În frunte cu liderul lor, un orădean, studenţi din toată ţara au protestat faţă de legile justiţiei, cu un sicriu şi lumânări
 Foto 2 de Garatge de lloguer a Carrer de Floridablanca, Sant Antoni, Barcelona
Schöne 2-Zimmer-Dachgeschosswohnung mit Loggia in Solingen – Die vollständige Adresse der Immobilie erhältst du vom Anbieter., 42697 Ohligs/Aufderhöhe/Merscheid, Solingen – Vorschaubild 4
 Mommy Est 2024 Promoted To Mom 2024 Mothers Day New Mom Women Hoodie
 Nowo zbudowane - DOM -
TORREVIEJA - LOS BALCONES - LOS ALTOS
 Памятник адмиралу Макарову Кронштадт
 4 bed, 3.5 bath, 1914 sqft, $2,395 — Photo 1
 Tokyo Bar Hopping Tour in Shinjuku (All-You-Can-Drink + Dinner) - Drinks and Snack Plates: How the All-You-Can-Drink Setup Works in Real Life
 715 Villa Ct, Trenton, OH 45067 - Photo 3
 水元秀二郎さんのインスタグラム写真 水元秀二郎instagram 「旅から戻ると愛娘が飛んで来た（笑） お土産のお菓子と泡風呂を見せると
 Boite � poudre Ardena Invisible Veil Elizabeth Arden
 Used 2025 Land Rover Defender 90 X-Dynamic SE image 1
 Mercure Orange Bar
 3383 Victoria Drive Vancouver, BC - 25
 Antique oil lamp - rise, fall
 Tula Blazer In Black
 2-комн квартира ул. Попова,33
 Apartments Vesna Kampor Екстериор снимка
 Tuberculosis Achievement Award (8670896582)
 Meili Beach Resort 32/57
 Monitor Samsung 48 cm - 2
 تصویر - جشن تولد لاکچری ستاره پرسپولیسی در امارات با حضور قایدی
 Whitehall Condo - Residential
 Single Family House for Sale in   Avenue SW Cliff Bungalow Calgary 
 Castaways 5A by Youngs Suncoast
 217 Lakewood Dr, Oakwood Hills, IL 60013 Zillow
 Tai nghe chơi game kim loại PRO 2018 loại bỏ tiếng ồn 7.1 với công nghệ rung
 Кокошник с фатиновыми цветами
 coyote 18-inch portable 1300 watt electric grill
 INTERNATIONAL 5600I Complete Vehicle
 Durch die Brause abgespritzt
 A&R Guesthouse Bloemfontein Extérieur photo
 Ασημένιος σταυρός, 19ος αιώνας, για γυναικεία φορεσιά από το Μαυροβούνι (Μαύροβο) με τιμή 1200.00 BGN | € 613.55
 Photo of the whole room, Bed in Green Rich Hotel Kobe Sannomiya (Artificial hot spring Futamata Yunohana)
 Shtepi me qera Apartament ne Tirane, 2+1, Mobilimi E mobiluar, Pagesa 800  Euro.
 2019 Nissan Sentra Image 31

TASK STATEMENT: Beginning with the line that has "Foto 2 de Garatge" and ending with the line that has "Boite � poudre", set down the lines above exactly and include no others.

RESPONSE AREA:
 Foto 2 de Garatge de lloguer a Carrer de Floridablanca, Sant Antoni, Barcelona
Schöne 2-Zimmer-Dachgeschosswohnung mit Loggia in Solingen – Die vollständige Adresse der Immobilie erhältst du vom Anbieter., 42697 Ohligs/Aufderhöhe/Merscheid, Solingen – Vorschaubild 4
 Mommy Est 2024 Promoted To Mom 2024 Mothers Day New Mom Women Hoodie
 Nowo zbudowane - DOM -
TORREVIEJA - LOS BALCONES - LOS ALTOS
 Памятник адмиралу Макарову Кронштадт
 4 bed, 3.5 bath, 1914 sqft, $2,395 — Photo 1
 Tokyo Bar Hopping Tour in Shinjuku (All-You-Can-Drink + Dinner) - Drinks and Snack Plates: How the All-You-Can-Drink Setup Works in Real Life
 715 Villa Ct, Trenton, OH 45067 - Photo 3
 水元秀二郎さんのインスタグラム写真 水元秀二郎instagram 「旅から戻ると愛娘が飛んで来た（笑） お土産のお菓子と泡風呂を見せると
 Boite � poudre Ardena Invisible Veil Elizabeth Arden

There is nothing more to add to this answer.